Oleh: KH. Fawaid Abdullah*

مَنْ اَحَبَّ شَيْئًا فَهُوَ عَبْدُهُ

Barangsiapa yang sangat mencintai sesuatu, maka ia akan menjadi budak atau hamba baginya“.

Syahwat itu bisa menyebabkan kekuasaan atau kerajaan menjadikan hamba bagi seseorang. Artinya, semakin seseorang itu mengedepankan keinginan atau syahwat di dalam dirinya, semakin pula dirinya itu menjadi budak bagi syahwatnya.

Majalah Tebuireng

Pernah kita melihat misalnya, ada orang yang kesana-kemari tidak pernah merasa puas akan apa yang didapat oleh dirinya. Entah itu rizki, harta, tahta, kekuasaan, wanita, atau apapun namanya. Semakin ia mengejar nya maka semakin pula ia merasa kurang, kurang, dan kurang. Itulah yang saya maksud, bahwa ia telah diperbudak oleh syahwat yang ada dalam dirinya sendiri.

Bedanya dengan sabar? Kalau sabar itu justru sebaliknya. Dengan kesabaran seseorang itu, bisa menyebabkan seorang hamba itu bisa menjadi raja, atau mendapatkan kekuasaan. Dengan kesabaran, seseorang itu akan mendapatkan apa yang ia harapkan atau inginkan. 

Ingat cerita nabiyullah Yusuf ibn Ya’qub ibn Ishaq ibn Ibrahim ‘alaihi al-Salaam dengan Zulaikha. Zulaikha itu berada dalan puncak cintanya kepada Yusuf. Dengan kesabaran yang Zulaikha miliki dalam dirinya, ia rela menunggu Yusuf dengan segala resikonya. Begitu pun Yusuf, kekasih Allah ini rela bersabar dengan cara memuliakan Zulaikha yang menjadi “bekas” juragannya di dalam istana atau kerajaan. Bahkan Yusuf, rela bersakit-sakit ria dengan totalitas kesabarannya, dengan sekian lika-liku proses yang panjang. Akhirnya kedua hamba Allah ini menjadi pasangan jodoh yang kekal abadi nan indah.

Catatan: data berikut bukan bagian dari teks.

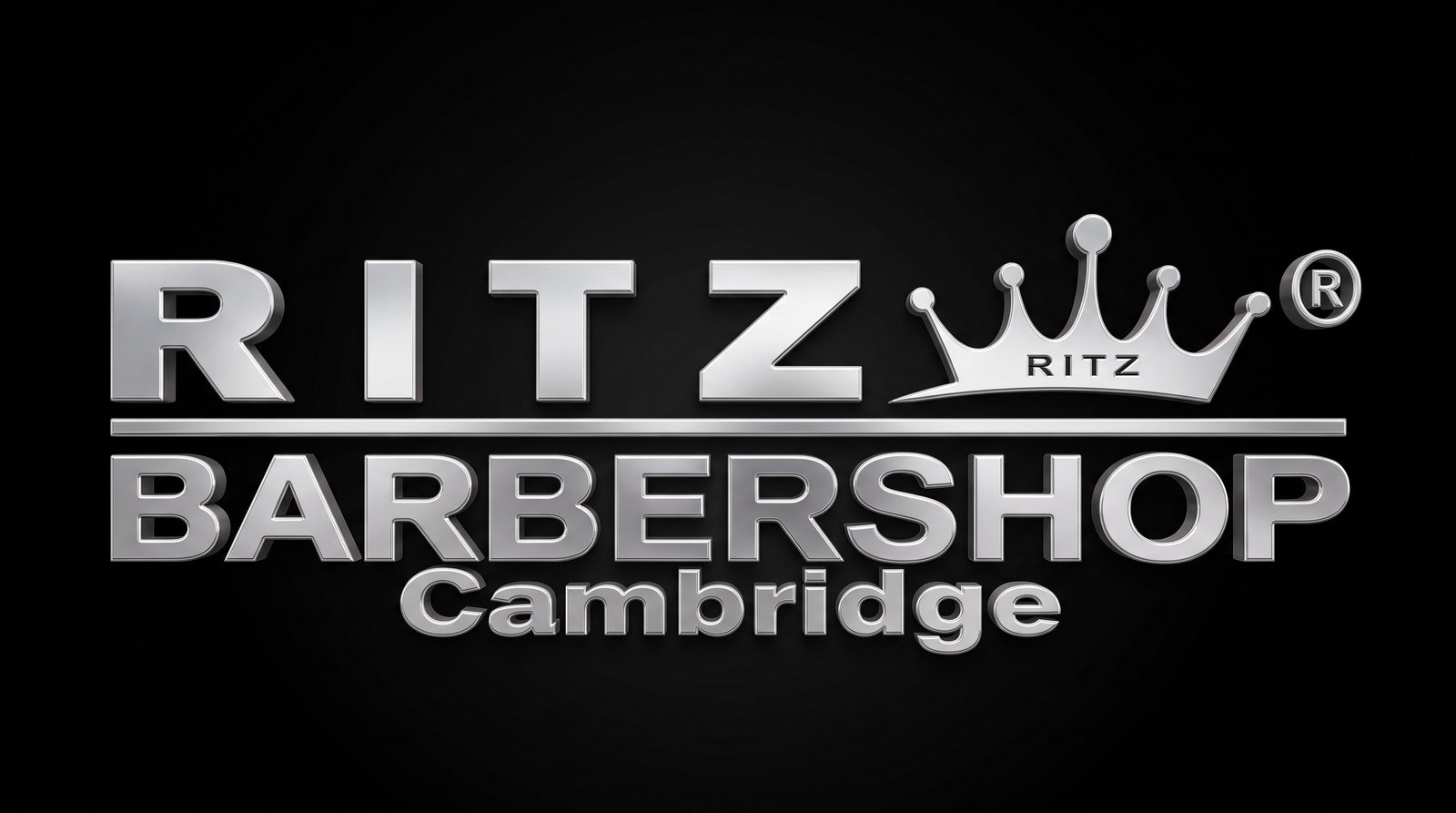 Ritz Barbershop Cambridge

Wa laqod hammat bihi wa hamma biha. Zulaikha cinta Yusuf, dan sebaliknya, Yusuf cinta Zulaikha. Itulah buah dari kesabaran cinta keduanya, sehingga mencapai tujuannya. Indah dan abadi. Itulah perbedaan dengan dyahwat. Syahwat itu karena cara mendapatkannya tidak dengan berdasar cinta di dalam dirinya, maka yang terjadi justru sebaliknya, tidak kekal dan bahkan musnah bersama syahwatnya. 

Ingatlah legenda cerita Qarun, yang kemaruk dan rakus harta, akhirnya musnah bersama hartanya. Cerita Fir’aun yang juga musnah bersama kekuasaannya. 

Segala sesuatu itu kalau ingin indah dan abadi, dasarkanlah kepada kesabaran, bukan dengan syahwat. Karena syahwat itu dapat menyebabkan kehancuran, kerusakan, kehilangan, dan seterusnya. Wallahu A’lam.